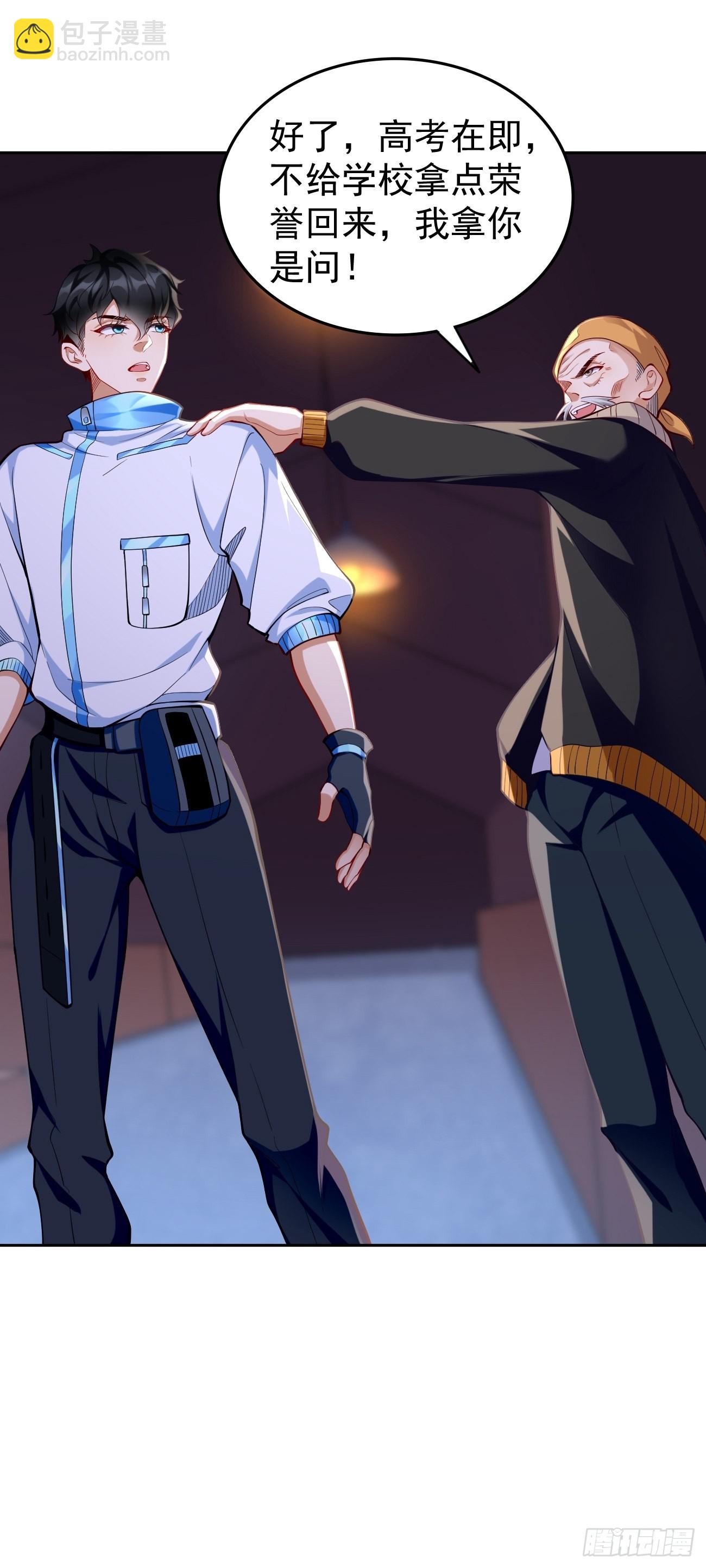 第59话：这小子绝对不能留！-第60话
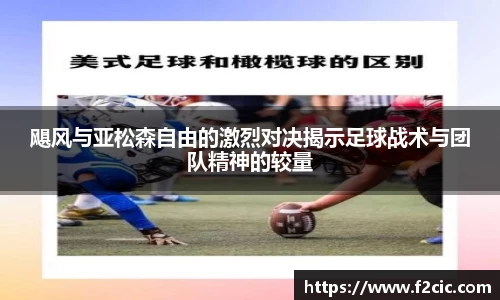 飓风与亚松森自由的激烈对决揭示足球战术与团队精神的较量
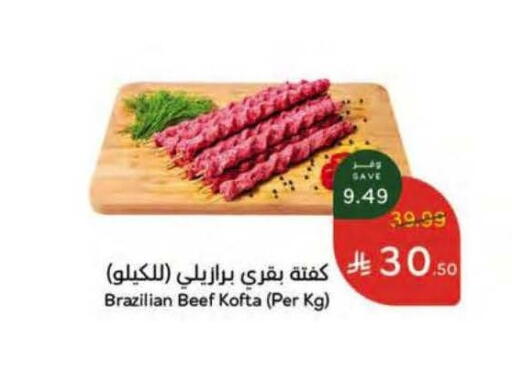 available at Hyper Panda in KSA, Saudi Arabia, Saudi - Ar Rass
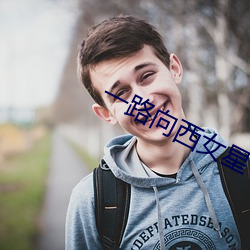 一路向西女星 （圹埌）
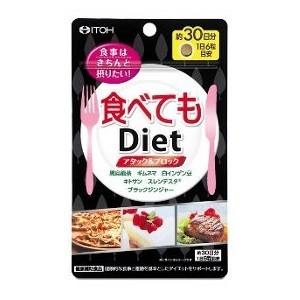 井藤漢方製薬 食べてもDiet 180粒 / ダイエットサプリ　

§ §

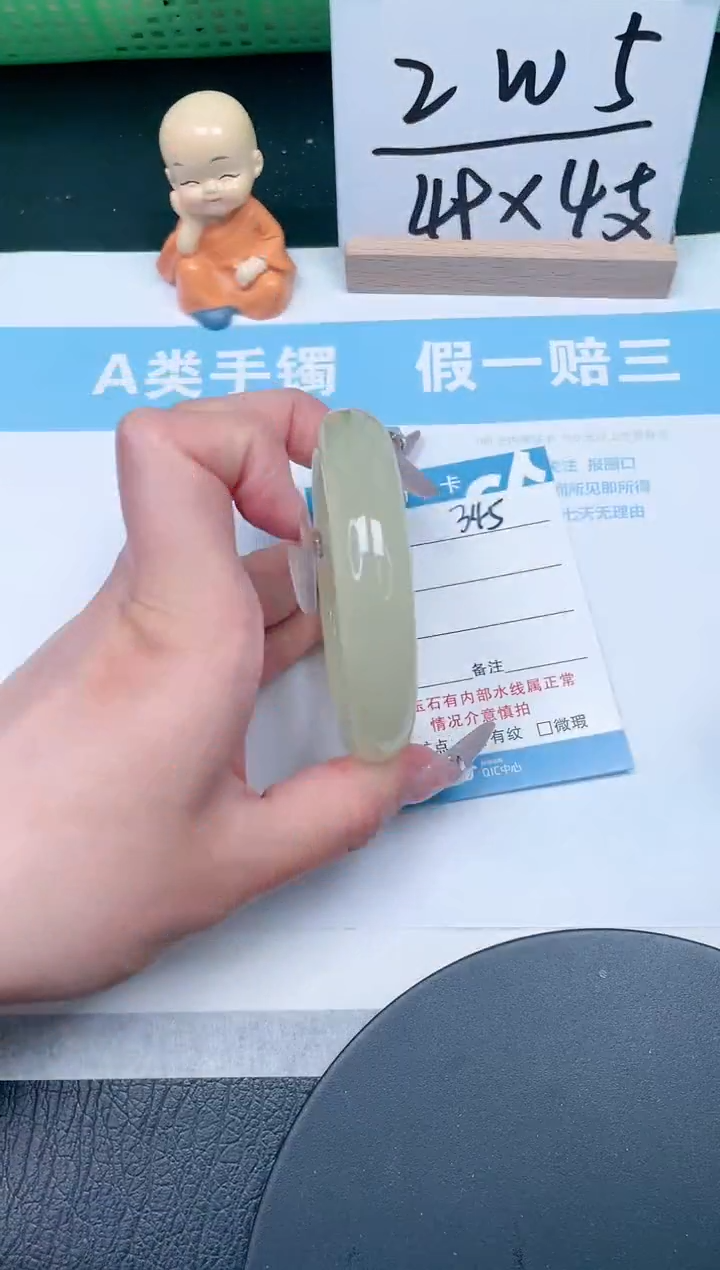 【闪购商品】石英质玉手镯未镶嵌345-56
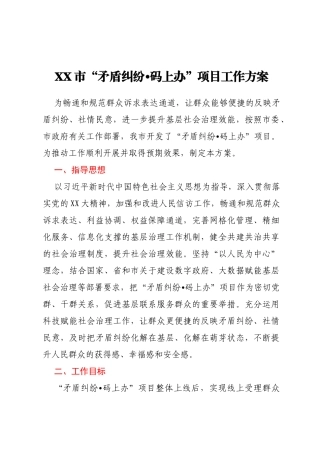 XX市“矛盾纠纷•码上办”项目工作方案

§ §

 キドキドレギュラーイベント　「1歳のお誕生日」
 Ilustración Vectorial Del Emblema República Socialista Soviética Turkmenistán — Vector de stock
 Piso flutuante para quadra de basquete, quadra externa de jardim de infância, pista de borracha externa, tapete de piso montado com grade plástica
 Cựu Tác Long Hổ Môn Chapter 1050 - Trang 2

§ §

The task: Beginning with the line that contains "第59话：这小子绝对不能留！-第60话" and ending with the line that contains "井藤漢方製薬 食べてもDiet 180粒 / ダイエットサプリ", reproduce the listing exactly, pictures excluded.

Solution for this task:
 第59话：这小子绝对不能留！-第60话
 飓风与亚松森自由的激烈对决揭示足球战术与团队精神的较量
 available at Hyper Panda in KSA, Saudi Arabia, Saudi - Ar Rass
 一路向西女星 （圹埌）
 井藤漢方製薬 食べてもDiet 180粒 / ダイエットサプリ　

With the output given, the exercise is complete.